[Stored dataset items]
------------------------------------------------------------------------

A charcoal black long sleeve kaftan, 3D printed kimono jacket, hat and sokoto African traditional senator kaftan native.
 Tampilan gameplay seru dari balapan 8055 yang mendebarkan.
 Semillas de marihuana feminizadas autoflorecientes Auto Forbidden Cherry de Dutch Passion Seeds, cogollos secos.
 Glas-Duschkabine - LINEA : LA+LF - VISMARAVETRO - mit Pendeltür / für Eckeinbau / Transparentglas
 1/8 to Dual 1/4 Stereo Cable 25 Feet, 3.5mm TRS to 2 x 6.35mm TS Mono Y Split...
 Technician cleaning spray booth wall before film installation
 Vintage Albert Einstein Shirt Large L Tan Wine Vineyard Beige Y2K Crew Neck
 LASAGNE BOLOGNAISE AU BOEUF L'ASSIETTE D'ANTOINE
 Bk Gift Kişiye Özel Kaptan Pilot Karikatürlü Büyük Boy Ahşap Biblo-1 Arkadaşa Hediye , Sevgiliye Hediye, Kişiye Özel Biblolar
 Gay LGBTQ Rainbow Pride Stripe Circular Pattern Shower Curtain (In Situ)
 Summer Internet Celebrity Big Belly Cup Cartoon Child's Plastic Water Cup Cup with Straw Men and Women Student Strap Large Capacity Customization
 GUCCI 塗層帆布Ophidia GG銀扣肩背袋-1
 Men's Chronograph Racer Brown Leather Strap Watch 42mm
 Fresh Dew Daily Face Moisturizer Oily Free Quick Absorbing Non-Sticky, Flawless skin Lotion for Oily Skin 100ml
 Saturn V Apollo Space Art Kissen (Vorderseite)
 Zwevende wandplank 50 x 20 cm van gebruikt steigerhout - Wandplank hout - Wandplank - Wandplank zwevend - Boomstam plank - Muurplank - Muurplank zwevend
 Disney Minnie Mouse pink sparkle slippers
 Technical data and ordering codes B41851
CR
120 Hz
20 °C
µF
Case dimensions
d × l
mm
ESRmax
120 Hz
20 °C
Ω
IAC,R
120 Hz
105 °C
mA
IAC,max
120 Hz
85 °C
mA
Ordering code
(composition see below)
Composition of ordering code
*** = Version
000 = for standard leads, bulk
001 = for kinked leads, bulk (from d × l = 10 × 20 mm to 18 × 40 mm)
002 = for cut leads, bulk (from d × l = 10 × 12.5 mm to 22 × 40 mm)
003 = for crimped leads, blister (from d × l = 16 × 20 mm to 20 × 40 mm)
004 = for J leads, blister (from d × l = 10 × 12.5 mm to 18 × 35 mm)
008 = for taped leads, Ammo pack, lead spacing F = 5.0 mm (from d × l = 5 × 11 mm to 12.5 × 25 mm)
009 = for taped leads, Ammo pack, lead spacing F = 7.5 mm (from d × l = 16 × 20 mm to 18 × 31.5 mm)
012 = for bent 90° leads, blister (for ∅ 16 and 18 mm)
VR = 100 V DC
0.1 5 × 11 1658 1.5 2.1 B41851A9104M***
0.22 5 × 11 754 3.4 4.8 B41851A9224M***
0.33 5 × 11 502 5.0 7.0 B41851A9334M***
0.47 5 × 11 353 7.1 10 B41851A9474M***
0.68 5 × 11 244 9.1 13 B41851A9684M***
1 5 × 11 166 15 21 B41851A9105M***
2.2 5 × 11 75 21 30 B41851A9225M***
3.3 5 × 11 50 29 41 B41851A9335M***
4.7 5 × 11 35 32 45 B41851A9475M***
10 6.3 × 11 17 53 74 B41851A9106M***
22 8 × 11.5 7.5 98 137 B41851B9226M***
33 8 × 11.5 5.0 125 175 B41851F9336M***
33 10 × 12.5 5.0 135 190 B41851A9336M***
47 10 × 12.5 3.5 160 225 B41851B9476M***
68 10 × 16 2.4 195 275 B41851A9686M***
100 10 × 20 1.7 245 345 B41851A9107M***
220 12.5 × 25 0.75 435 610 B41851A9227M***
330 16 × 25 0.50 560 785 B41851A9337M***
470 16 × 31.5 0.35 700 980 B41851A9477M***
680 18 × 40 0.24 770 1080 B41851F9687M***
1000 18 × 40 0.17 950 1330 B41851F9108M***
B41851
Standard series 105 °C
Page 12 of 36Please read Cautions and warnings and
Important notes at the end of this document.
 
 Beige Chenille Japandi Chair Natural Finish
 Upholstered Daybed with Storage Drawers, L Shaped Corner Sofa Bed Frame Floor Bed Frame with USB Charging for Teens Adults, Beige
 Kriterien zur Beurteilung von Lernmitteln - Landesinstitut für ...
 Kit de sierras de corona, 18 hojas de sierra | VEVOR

------------------------------------------------------------------------

Give again only the lines starting at the one that contains "Beige Chenille Japandi Chair Natural Finish" and running to the end of the data.

 Beige Chenille Japandi Chair Natural Finish
 Upholstered Daybed with Storage Drawers, L Shaped Corner Sofa Bed Frame Floor Bed Frame with USB Charging for Teens Adults, Beige
 Kriterien zur Beurteilung von Lernmitteln - Landesinstitut für ...
 Kit de sierras de corona, 18 hojas de sierra | VEVOR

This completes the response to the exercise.